## Required action:
Give back every record below, character for character.
===
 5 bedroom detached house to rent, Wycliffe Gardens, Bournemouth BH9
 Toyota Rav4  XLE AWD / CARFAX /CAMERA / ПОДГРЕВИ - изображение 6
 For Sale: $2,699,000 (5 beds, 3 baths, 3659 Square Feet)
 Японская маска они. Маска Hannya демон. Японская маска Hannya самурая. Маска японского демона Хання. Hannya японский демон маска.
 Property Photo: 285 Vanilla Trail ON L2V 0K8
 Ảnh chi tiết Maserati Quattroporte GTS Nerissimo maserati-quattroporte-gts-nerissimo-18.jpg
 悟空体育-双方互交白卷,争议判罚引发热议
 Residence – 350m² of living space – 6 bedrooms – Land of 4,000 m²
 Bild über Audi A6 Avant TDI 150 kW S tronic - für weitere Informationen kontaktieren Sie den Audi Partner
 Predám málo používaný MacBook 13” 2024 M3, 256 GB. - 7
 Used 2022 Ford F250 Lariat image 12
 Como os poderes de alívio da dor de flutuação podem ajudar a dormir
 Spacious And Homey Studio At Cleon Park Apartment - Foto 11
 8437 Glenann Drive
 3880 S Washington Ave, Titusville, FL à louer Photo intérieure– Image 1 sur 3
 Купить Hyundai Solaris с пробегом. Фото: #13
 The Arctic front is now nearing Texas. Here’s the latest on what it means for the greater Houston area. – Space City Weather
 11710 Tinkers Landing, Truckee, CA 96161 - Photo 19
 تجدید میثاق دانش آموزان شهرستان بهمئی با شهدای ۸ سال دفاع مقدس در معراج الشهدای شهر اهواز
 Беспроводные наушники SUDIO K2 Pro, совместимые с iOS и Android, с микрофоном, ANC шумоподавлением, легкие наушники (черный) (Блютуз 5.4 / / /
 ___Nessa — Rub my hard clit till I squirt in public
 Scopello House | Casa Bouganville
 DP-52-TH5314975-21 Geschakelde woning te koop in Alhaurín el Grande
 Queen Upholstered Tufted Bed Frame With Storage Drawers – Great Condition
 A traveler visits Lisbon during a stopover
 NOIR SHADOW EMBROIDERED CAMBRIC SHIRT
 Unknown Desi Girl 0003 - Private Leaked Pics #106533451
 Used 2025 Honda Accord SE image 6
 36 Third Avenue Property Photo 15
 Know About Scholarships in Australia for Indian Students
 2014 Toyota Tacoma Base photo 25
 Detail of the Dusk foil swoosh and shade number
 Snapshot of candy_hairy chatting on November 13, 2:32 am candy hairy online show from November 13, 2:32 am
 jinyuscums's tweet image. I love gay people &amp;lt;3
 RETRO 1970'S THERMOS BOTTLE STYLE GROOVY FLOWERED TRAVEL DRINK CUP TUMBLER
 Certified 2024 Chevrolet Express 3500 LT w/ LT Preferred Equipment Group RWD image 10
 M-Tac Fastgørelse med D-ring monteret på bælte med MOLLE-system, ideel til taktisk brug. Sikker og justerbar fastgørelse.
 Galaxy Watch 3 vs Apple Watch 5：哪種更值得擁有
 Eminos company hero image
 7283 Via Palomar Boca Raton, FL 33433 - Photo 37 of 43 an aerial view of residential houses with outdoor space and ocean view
===
## Your response:
 5 bedroom detached house to rent, Wycliffe Gardens, Bournemouth BH9
 Toyota Rav4  XLE AWD / CARFAX /CAMERA / ПОДГРЕВИ - изображение 6
 For Sale: $2,699,000 (5 beds, 3 baths, 3659 Square Feet)
 Японская маска они. Маска Hannya демон. Японская маска Hannya самурая. Маска японского демона Хання. Hannya японский демон маска.
 Property Photo: 285 Vanilla Trail ON L2V 0K8
 Ảnh chi tiết Maserati Quattroporte GTS Nerissimo maserati-quattroporte-gts-nerissimo-18.jpg
 悟空体育-双方互交白卷,争议判罚引发热议
 Residence – 350m² of living space – 6 bedrooms – Land of 4,000 m²
 Bild über Audi A6 Avant TDI 150 kW S tronic - für weitere Informationen kontaktieren Sie den Audi Partner
 Predám málo používaný MacBook 13” 2024 M3, 256 GB. - 7
 Used 2022 Ford F250 Lariat image 12
 Como os poderes de alívio da dor de flutuação podem ajudar a dormir
 Spacious And Homey Studio At Cleon Park Apartment - Foto 11
 8437 Glenann Drive
 3880 S Washington Ave, Titusville, FL à louer Photo intérieure– Image 1 sur 3
 Купить Hyundai Solaris с пробегом. Фото: #13
 The Arctic front is now nearing Texas. Here’s the latest on what it means for the greater Houston area. – Space City Weather
 11710 Tinkers Landing, Truckee, CA 96161 - Photo 19
 تجدید میثاق دانش آموزان شهرستان بهمئی با شهدای ۸ سال دفاع مقدس در معراج الشهدای شهر اهواز
 Беспроводные наушники SUDIO K2 Pro, совместимые с iOS и Android, с микрофоном, ANC шумоподавлением, легкие наушники (черный) (Блютуз 5.4 / / /
 ___Nessa — Rub my hard clit till I squirt in public
 Scopello House | Casa Bouganville
 DP-52-TH5314975-21 Geschakelde woning te koop in Alhaurín el Grande
 Queen Upholstered Tufted Bed Frame With Storage Drawers – Great Condition
 A traveler visits Lisbon during a stopover
 NOIR SHADOW EMBROIDERED CAMBRIC SHIRT
 Unknown Desi Girl 0003 - Private Leaked Pics #106533451
 Used 2025 Honda Accord SE image 6
 36 Third Avenue Property Photo 15
 Know About Scholarships in Australia for Indian Students
 2014 Toyota Tacoma Base photo 25
 Detail of the Dusk foil swoosh and shade number
 Snapshot of candy_hairy chatting on November 13, 2:32 am candy hairy online show from November 13, 2:32 am
 jinyuscums's tweet image. I love gay people &amp;lt;3
 RETRO 1970'S THERMOS BOTTLE STYLE GROOVY FLOWERED TRAVEL DRINK CUP TUMBLER
 Certified 2024 Chevrolet Express 3500 LT w/ LT Preferred Equipment Group RWD image 10
 M-Tac Fastgørelse med D-ring monteret på bælte med MOLLE-system, ideel til taktisk brug. Sikker og justerbar fastgørelse.
 Galaxy Watch 3 vs Apple Watch 5：哪種更值得擁有
 Eminos company hero image
 7283 Via Palomar Boca Raton, FL 33433 - Photo 37 of 43 an aerial view of residential houses with outdoor space and ocean view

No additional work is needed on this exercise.